第38課 平和をもたらす人は幸いである、
       その人は神の子と呼ばれるであろう(マタイ 5・9)

 字引きでは、「平和」は「おだやかで変わりのないこと」と説明されています。しかし、イエズス様がおっしゃった「平和」は、もっと深くて広い意味があると思います。「平和」を「おだやかで変わりのないこと」と定義しますと、死んだものの中にも平和があると言わなければなりませんが、イエズス様がおっしゃった「平和」は、生き生きしているものです。そのような「平和」は、人々がお互いに愛し合い、助け合っているところにのみ存在します。

 戦争がない時は平和であると思われていますが、必ずしもそうではないと思います。二つの国が武器で戦っていなくても、別な形で対立している時、冷たい戦争をしていると言われます。同じように、一つの国の中でも、職場や学校、あるいは家庭において、人々がわがままと、憎しみの気持ちをもって心の中で対立し合っているならば、争いがなくても、そこでは冷たい戦争がおこっているのですから本当の平和であるとはいえないと思います。

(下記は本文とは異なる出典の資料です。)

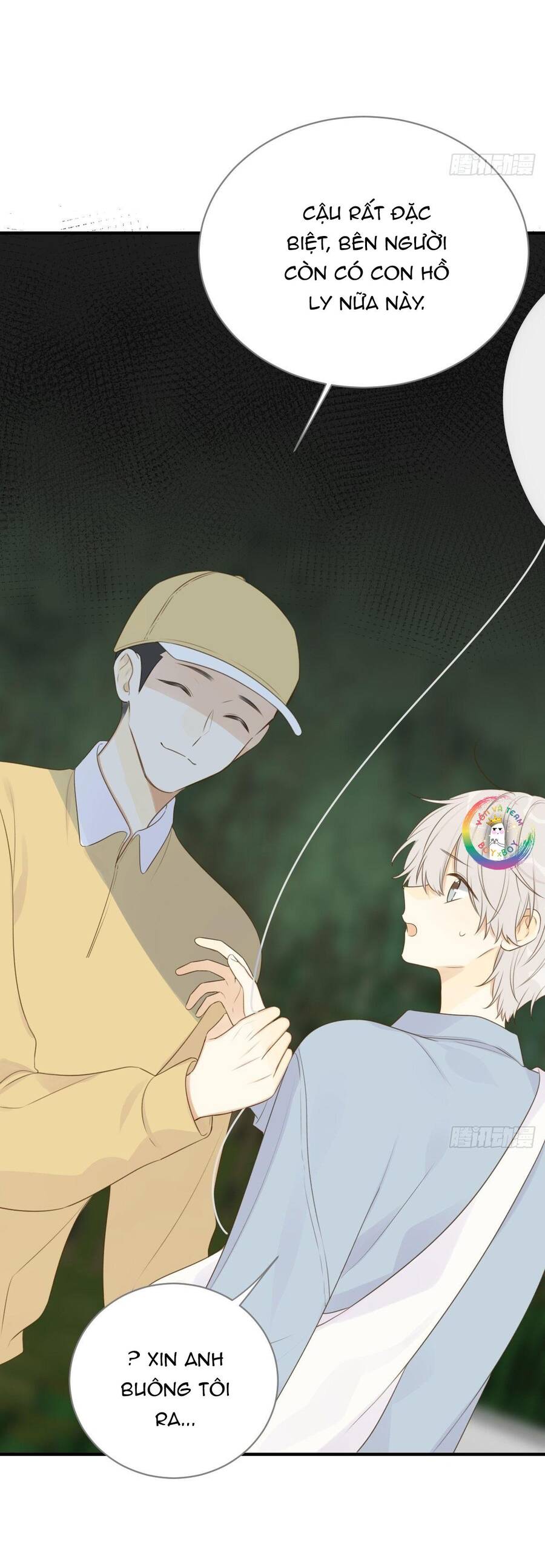 Chỉ Riêng Đuôi Là Không Được!!! Chapter 15 - 39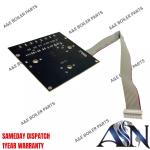 HEATLINE DISPLAY BOARD System Compact Capriz C24 C28 S20 S24 S30 PCB 3003200183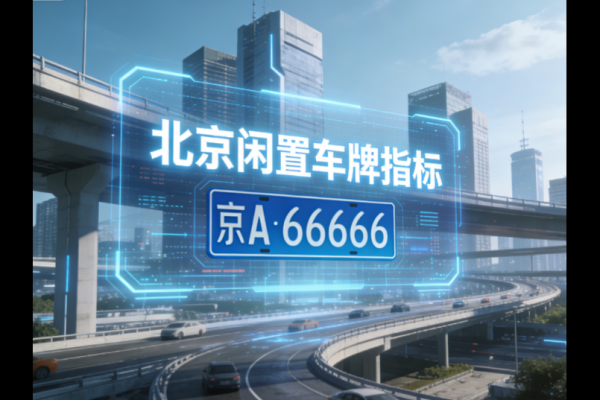 2026 年闲置京牌如何产生价值？指标 “资产化” 管理指南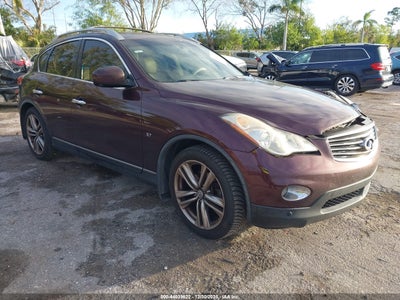 INFINITI QX50 2015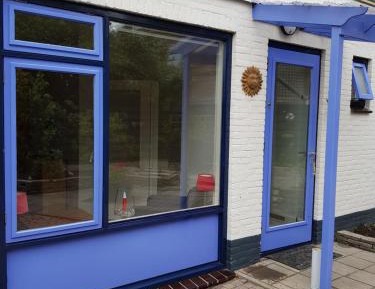 Two-Bedroom House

 本当の平和は人の心から生じるものです。イエズス様がおっしゃった「平和をもたらす人」は、心から人々を愛し、愛を示すことによって周りの人々に幸せを広めることです。つまり「平和をもたらす」ことと、幸せを広めることは同じものです。

 幸せを広めることによって「平和をもたらす人は幸いであり、その人は神の子と呼ばれる」とイエズス様はおっしゃいました。そのような人は、すべての人々を兄弟として愛しますから神の子と呼ばれる資格があるのです。